*** SOURCE MATERIAL ***

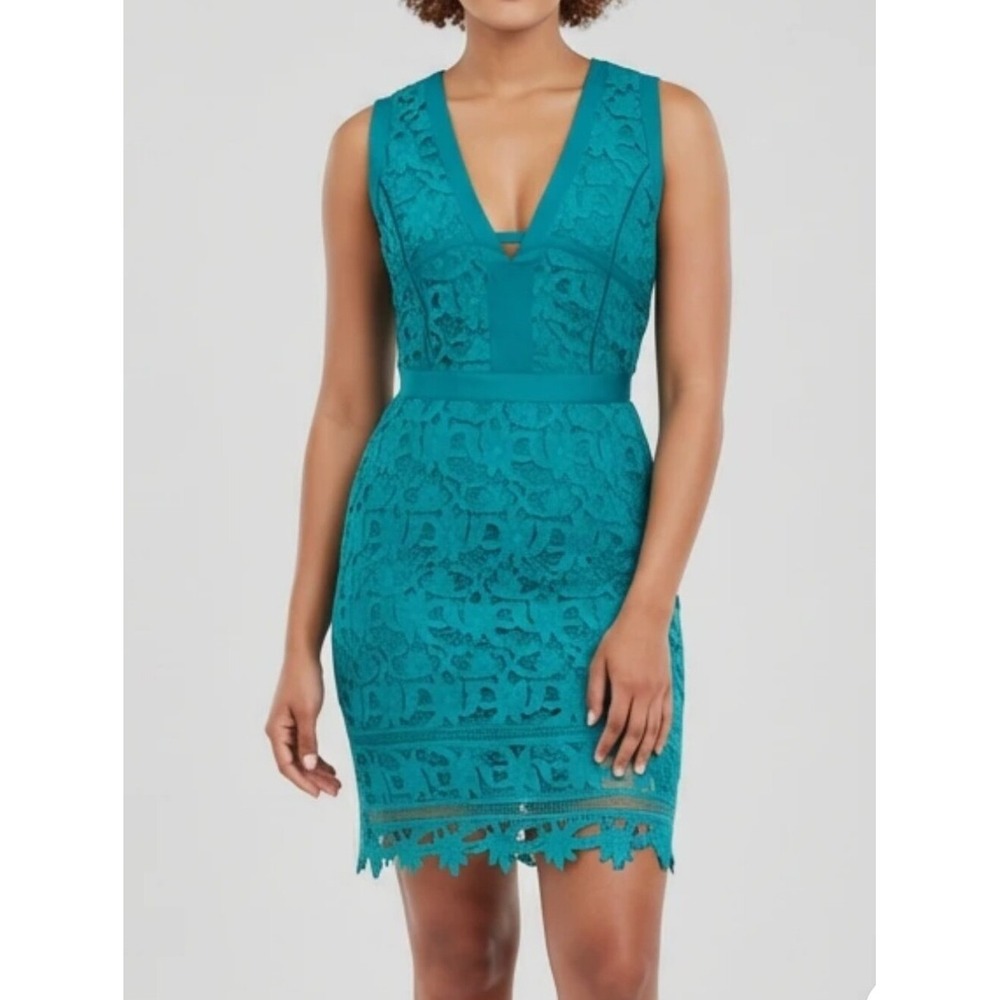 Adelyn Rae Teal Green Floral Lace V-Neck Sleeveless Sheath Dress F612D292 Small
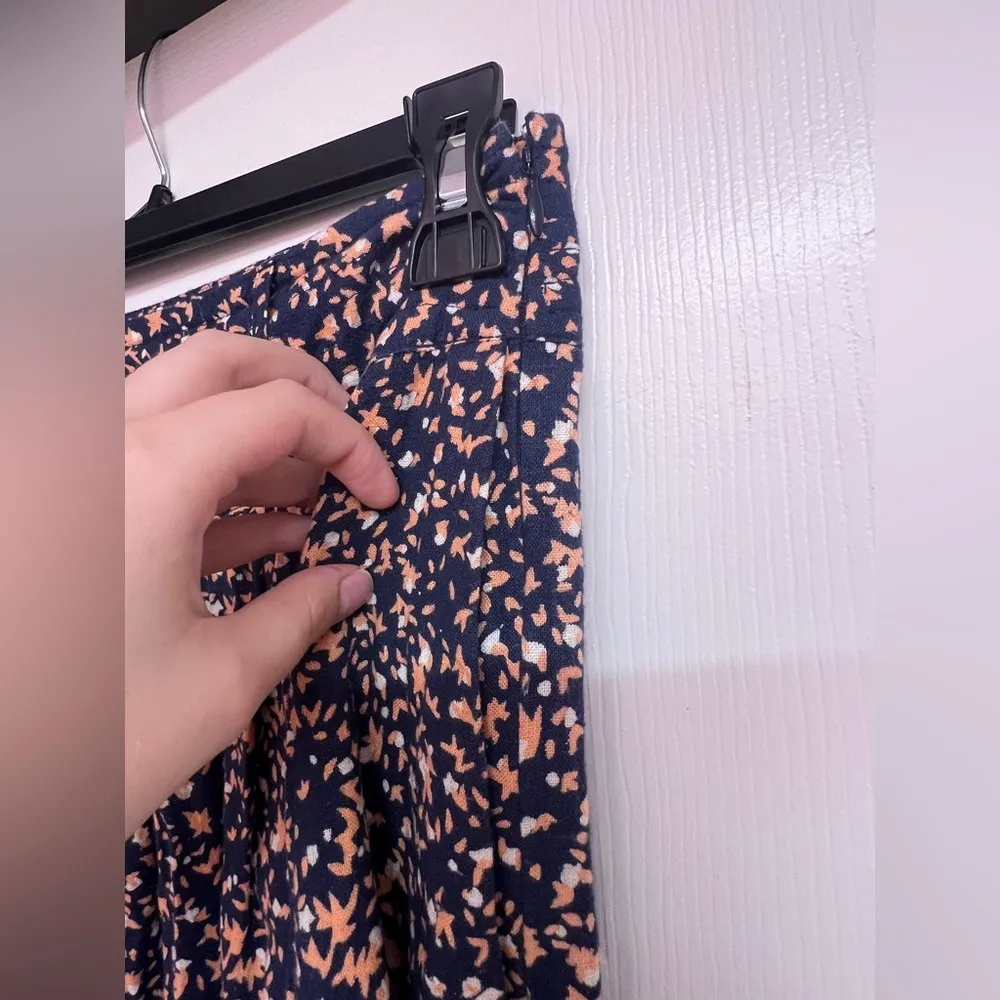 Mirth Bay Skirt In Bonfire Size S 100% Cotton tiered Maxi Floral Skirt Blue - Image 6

*** End of SOURCE MATERIAL ***
*** SOURCE MATERIAL ***

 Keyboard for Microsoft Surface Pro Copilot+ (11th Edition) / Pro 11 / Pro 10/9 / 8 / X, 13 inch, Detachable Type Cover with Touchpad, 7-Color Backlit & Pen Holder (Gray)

*** End of SOURCE MATERIAL ***
*** SOURCE MATERIAL ***

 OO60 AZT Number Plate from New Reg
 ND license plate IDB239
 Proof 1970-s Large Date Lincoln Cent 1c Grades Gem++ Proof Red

*** End of SOURCE MATERIAL ***

## ACTIVITY
Using the data above, reproduce exactly the lines between those holding "ND license plate IDB239" and "Proof 1970-s Large", inclusive, and no others.

## RESULT OF THE EXERCISE
 ND license plate IDB239
 Proof 1970-s Large Date Lincoln Cent 1c Grades Gem++ Proof Red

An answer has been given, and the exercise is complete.